#### Assignment
Starting with the line below that holds "Toyota 02-7FD45 forklift" and stopping after the line that holds "1911 Lionel St — Photo 9", transcribe the lines exactly, leaving out all pictures.

#### Records shown
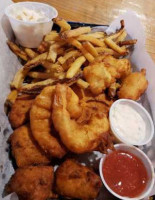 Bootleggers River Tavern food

==

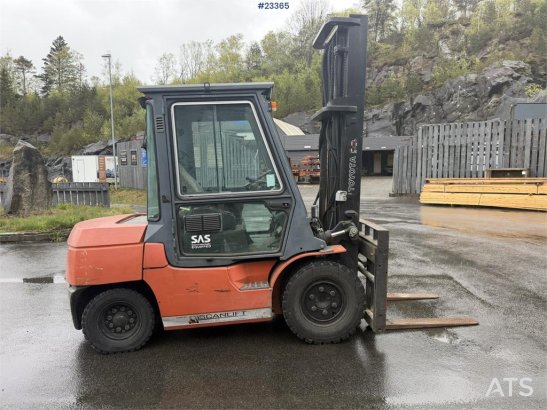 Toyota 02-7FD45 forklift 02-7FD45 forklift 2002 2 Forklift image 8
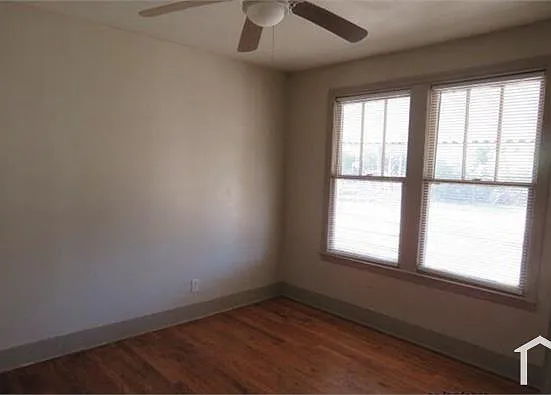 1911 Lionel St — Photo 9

#### Problem solution
 Toyota 02-7FD45 forklift 02-7FD45 forklift 2002 2 Forklift image 8
 1911 Lionel St — Photo 9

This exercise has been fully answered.